Chow Bacon Salt: Uncut
posted by September 12 at 13:20 PM
onThis morning I interviewed two local entrepreneurs, Dave Lefkow and Justin Esch, the creators of Bacon Salt. The interview will debut as a Chow Bio in the coming weeks, but due to space limitations, I had to pare a lot down. However, I feel that their struggle to conquer the American Dream—earning fat profits from bacon-flavored salt—should not be abridged.
Bacon Salt is, as Lefkow and Esch put it, the new salt. It comes in three flavors: Original, Hickory, and Peppered.
Worth noting:
It is Kosher.
It is Vegetarian.
Hickory flavor is Vegan.
The partial inspiration for Bacon Salt is a drink called the Mitch Morgan, found at the Fat Alley BBQ in Eschh’s hometown of Telluride, CO. A Mitch Morgan is a shot of bourbon with a slice of bacon in the glass, as a garnish.
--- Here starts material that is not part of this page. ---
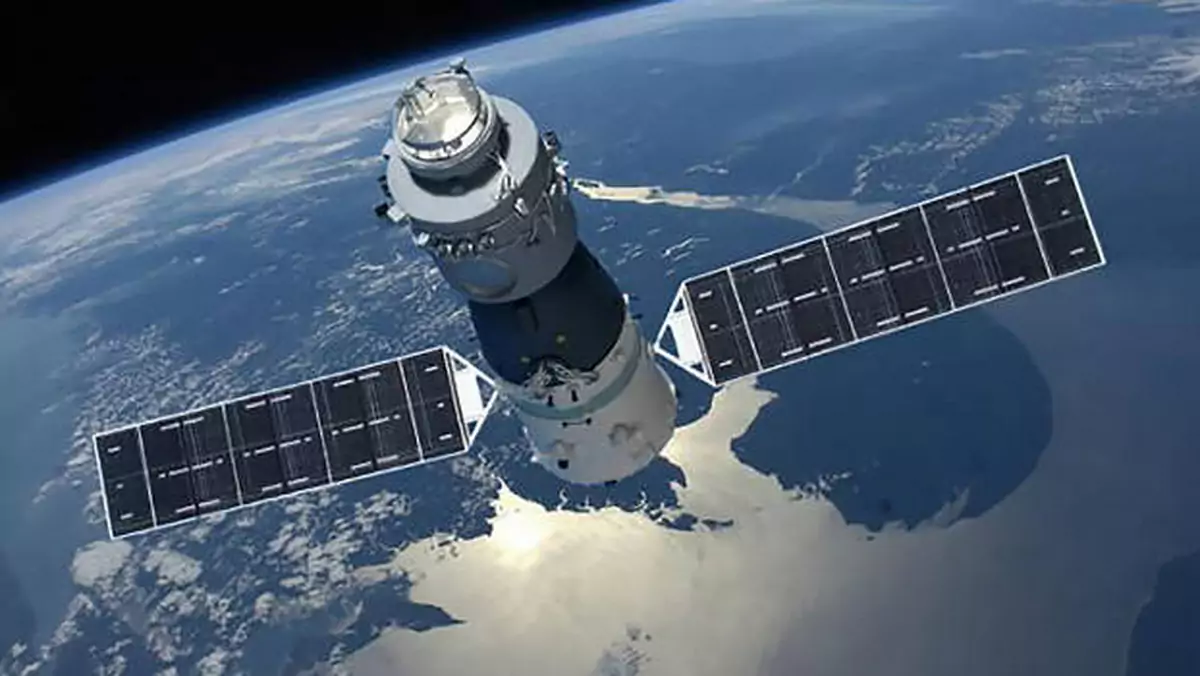 Tiangong-1, czyli chińska stacja kosmiczna, wpadła w atmosferę nad Pacyfikiem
When they hired a flavor-tech to design Bacon Salt, this was their taste proposal: “It should taste like the smell of bacon fried on a Sunday morning.”
When Lefkow and Esch started Bacon Salt eight months ago, they borrowed $5,000 from Lefkow’s son, Dean, as startup money.
Dean is three-years-old.
He’d won $5,000 dollars on America’s Funniest Home Videos, which apparently still exists.
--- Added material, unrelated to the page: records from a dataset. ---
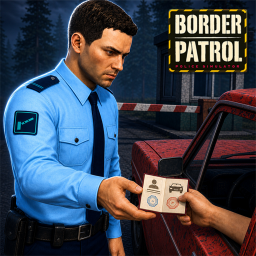Android Border Patrol Police Game ikonu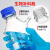 生物补料瓶高硼硅玻璃加料瓶厌氧瓶螺口接口取样瓶生物试剂瓶100/250/500/1 GL45 PBT打孔红盖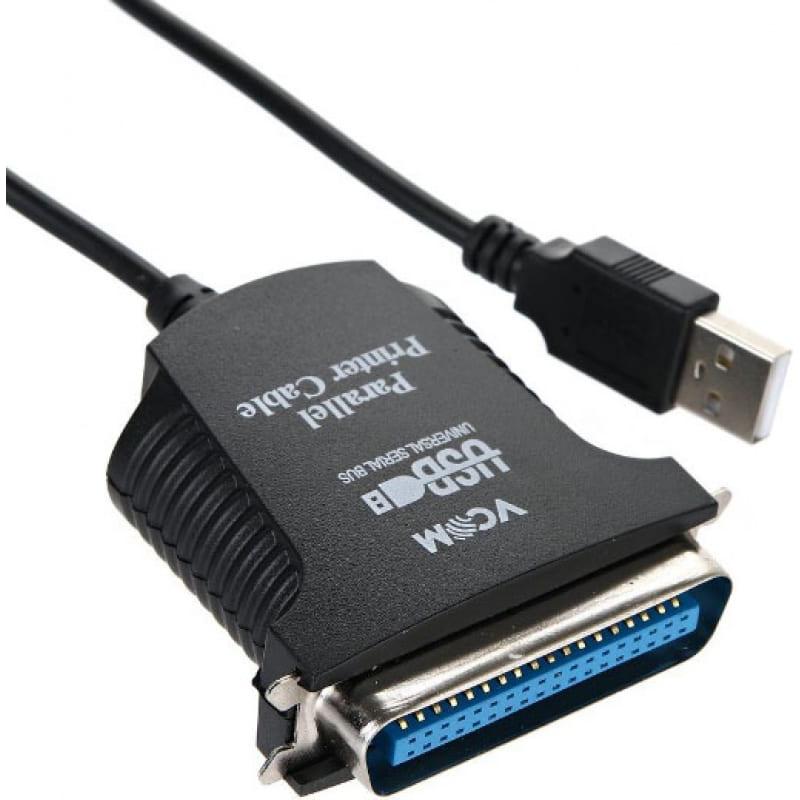    USB 1.1 AM - Centronics 36M (LPT), 1.8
Esch and Lefkow keep all production of Bacon Salt local: The flavors are blended in Idaho, and then packaged and labeled in Tacoma. Labels are printed on Capitol Hill, and the boxes and bottles are produced in Tacoma.
Sometimes they pay people, like lawyers, in salt. They claim that the Romans once did this, so it’s cool.
Bacon Salt enthusiasts—who span 19 countries and all 50 states—have tried the product on nearly everything: potatoes (fried, mashed, whathaveyou), corn on the cobb, popcorn, watermelon, pineapple, steak, eggs (fried, scrambled), green beans, assorted vegetables, chocolate, bloody marys, pasta, guacamole, and peaches. The only thing Esch and Lefkow haven’t liked it on was ice cream.
I tried Bacon Salt for the first time this morning. It made my fingers taste fucking delicious. Then a plate of Bacon Salted eggs made sweet love to my tongue before tap dancing its way to my stomach.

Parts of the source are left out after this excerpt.